Vog merupakan kependekan dari volcano smog, yaitu kabut yang terbentuk dari beberapa zat kimia yang dihasilkan dari aktifitas gunung api. Senyawa utama pembentuk vog adalah aerosol yang terbentuk dari SO2 (sulfur dioksida) dan uap air. Vog terjadi di sekitar daerah gunung api yang memiliki tingkat keaktifan tinggi.

 

Dapat diduga bahwa kabut di Wuhan, Cina, yang dilaporkan misterius oleh AFP adalah fenomena smog fotokimia biasa. Beberapa kota besar di Cina memang terkenal dengan tingkat polusi udara yang tinggi, bahkan dampak dari polusi udara juga sudah ada yang menerpa warganya. Barangkali untuk kasus kejadian kabut misterius yang baru saja terjadi ini dianggap misterius karena fenomena itu baru muncul pada bulan Juni ini.

Adalah hal yang wajar jika fenomena itu tidak muncul di Wuhan sebelum bulan Juni. Kota Wuhan terletak pada lintang geografis 30,50 LU, di luar garis balik atau di luar garis edar matahari. Garis balik Lintang Utara dan garis balik Lintang Selatan berturut-turut terdapat pada 23,50 LU dan 23,50 LS. Kota Wuhan mendapat intensitas radiasi matahari tinggi ketika matahari beredar mendekati garis balik utara (23,45 0 LU) yang terjadi sekitar bulan Juni. Oleh karena itu pada bulan Juni kota Wuhan mendapat paparan radiasi matahari, termasuk radiasi ultraviolet, yang tinggi. Radiasi ultraviolet yang tinggi ini berinteraksi dengan polutan udara di kota Wuhan sehingga muncul fenomena smog fotokimia. Jika tidak ada penanganan terhadap masalah polusi udara di Wuhan, maka setiap sekitar bulan Juni akan muncul fenomena smog fotokimia ini lagi.

Smog fotokimia bukan hanya fenomena di Cina saja. Banyak kota besar di dunia telah dilanda smog fotokimia ini seperti Moscow, Los Angeles, New York, Sydney, Mesir, Mexico dan Vancouver. Indonesia, seperti Jakarta dan Bandung, juga sudah menunjukkan fenomena itu meskipun tidak separah apa yang telah terjadi di Cina.

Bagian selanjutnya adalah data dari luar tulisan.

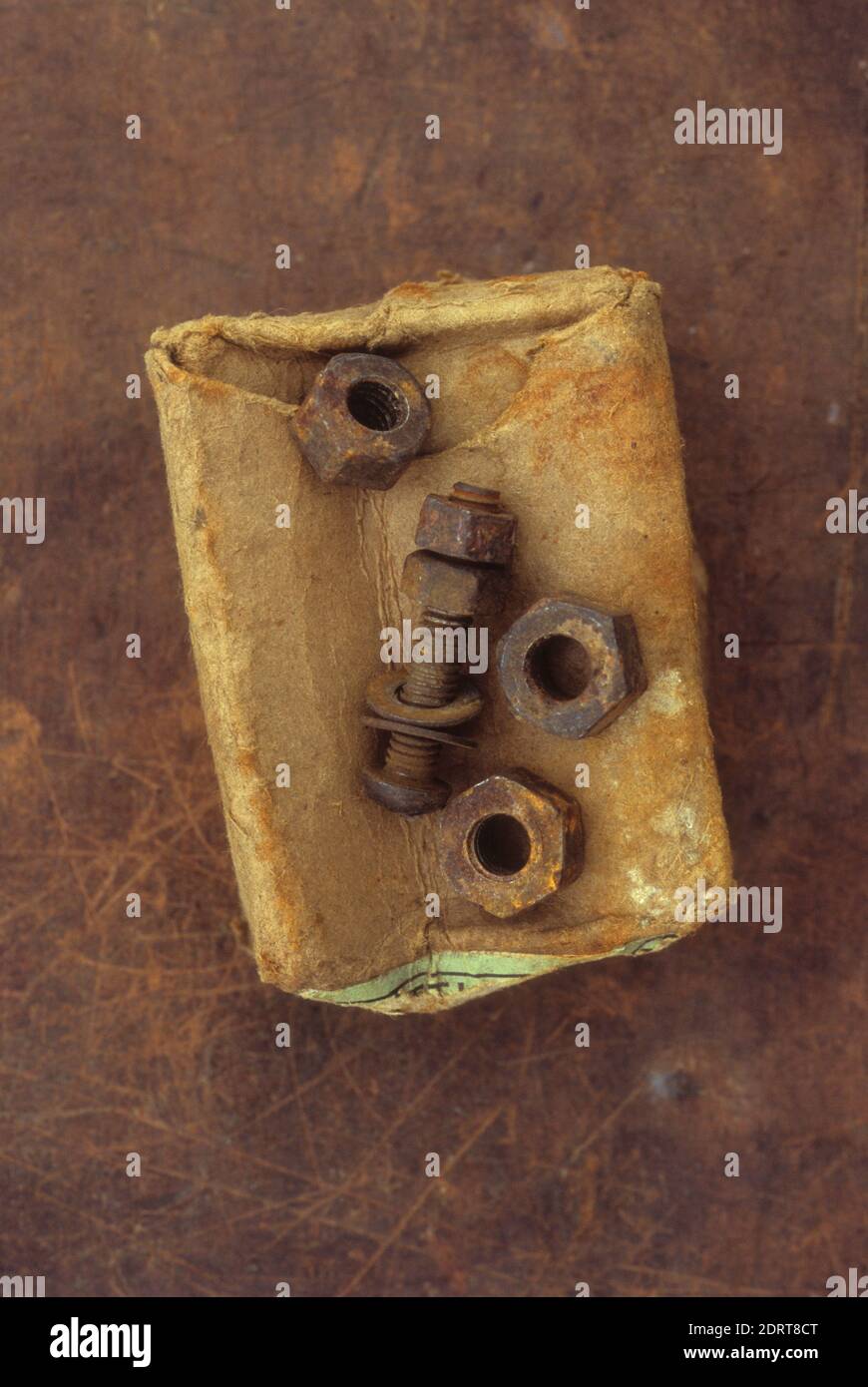 Old crumpled rust-stained cardboard box with three rusty metal nuts and used screw lying on top Stock Photo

Meskipun fenomena smog fotokimia sudah lazim terjadi di kota-kota besar bukan berarti kita tidak mewaspadai. Smog fotokimia menunjukkan tingginya tingkat pencemaran udara, seperti NOx, O3, VOC, R-CHO, dan PAN. Adanya fenomena smog fotokimia, menjadi peringatan bagi pihak terkait yang wajib mengatasi masalah polusi udara untuk segera mengambil tindakan antisipasi, dengan cara mengurangi sumber emisi penyebab fenomena tersebut. Hal ini perlu dilakukan agar kejadian seperti di Cina tidak terulang di kota lain. Tidak kalah pentingnya adalah bahwa program pengelolaan kualitas udara harus didukung oleh semua pihak terkait dengan sumber emisi.